This is an experiment, but we are bringing together a group of about 10 to 12 publishers and we are going to pay them directly to produce news programming for Watch. My hope is that Watch will become a destination for news on Facebook that people know is reliable, and they will find diversity of sources and different points of view. And during breaking news it would become a place to go to find whatever the most important stories of the day are. It’s a big step for us, and we’re just starting to figure this out with a handful of publishers who are going to be the early testers. I think there is real potential for us to create a destination for video news.”

Some media companies seem rather antagonistic about Facebook and how it has disrupted the media ecosystem. How do you respond to that?

It’s not my role to lobby publishers to be on Facebook if they don’t feel like that’s the right way to reach their audience, I want to be 100 percent clear about that. But I do think for the ones who are on Facebook and who see the potential for distribution on Facebook. I want to help them make money. I want to help them find a business model that works so they keep doing what they do best which is journalism.”

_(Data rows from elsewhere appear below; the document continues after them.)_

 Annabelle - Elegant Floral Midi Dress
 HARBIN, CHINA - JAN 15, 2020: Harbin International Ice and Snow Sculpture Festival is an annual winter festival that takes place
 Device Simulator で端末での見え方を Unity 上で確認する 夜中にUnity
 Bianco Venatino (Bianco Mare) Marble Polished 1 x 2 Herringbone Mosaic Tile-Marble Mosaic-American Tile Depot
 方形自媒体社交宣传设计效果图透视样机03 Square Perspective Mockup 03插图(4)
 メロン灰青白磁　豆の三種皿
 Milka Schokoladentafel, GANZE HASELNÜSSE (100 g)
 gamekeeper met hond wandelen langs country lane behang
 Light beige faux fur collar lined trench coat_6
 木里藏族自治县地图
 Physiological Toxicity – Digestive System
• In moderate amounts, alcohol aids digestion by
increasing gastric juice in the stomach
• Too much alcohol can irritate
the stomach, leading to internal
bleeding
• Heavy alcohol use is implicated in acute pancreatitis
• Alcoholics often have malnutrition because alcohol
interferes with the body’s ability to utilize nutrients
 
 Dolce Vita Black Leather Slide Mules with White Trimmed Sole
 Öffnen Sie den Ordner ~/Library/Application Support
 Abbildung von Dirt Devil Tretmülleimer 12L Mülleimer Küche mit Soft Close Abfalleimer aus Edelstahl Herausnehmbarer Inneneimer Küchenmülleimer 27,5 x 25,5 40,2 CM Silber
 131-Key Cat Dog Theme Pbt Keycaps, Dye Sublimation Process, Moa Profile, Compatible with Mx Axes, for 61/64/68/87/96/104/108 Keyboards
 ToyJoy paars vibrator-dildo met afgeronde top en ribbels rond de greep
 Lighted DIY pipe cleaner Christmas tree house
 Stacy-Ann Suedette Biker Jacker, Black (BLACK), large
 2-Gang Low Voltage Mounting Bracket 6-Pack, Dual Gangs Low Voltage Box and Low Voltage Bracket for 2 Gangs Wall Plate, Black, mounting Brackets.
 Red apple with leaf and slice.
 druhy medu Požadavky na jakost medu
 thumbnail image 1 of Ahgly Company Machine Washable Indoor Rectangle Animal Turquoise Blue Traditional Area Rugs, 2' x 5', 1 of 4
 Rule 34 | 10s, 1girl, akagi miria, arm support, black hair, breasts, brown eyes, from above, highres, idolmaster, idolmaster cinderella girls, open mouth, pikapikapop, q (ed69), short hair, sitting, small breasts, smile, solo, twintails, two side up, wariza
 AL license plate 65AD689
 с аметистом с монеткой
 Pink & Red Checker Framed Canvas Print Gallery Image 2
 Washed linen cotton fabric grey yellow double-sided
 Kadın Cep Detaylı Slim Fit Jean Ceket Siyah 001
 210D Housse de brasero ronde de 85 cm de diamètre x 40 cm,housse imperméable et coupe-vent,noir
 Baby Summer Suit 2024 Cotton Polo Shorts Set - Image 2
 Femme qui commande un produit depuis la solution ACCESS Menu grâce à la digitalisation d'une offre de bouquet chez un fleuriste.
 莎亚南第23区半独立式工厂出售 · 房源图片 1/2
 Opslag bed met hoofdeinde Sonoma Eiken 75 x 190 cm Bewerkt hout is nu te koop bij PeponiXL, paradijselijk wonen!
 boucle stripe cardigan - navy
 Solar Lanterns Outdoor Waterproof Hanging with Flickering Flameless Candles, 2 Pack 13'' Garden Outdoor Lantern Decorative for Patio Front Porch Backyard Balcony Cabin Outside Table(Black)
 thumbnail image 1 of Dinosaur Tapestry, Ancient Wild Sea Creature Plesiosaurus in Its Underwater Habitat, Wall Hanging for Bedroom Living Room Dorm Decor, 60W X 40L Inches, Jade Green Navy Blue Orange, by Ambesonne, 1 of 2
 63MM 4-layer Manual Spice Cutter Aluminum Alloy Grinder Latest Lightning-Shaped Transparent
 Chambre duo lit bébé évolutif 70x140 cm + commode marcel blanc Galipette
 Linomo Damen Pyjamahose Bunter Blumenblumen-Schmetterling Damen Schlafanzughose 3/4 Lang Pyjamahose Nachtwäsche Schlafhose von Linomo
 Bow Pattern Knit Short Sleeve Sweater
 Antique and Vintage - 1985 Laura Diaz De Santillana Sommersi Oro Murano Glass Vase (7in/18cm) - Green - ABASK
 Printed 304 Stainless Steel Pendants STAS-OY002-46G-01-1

Facebook’s changes to the algorithm are going to have a fairly significant impact on the traffic and revenue of some publishers, if they haven’t already. What would you tell them?

“What we’ve done is to down-rank clickbait and down-rank sensationalism, and we’ve given a boost to broadly trusted news sources, or what we define as informative news sources. So publishers who built a business on clickbait are not going to find success on Facebook. We are optimizing for quality journalism going forward, we’ve been very clear about that, and I think it’s the right thing to do. I’m excited that Mark and Facebook have made that commitment and I think most publishers are too. But it does mean a period of transition while a lot of publishers adjust to this new environment.”

Can you talk a bit more about that transition and how Facebook is approaching it?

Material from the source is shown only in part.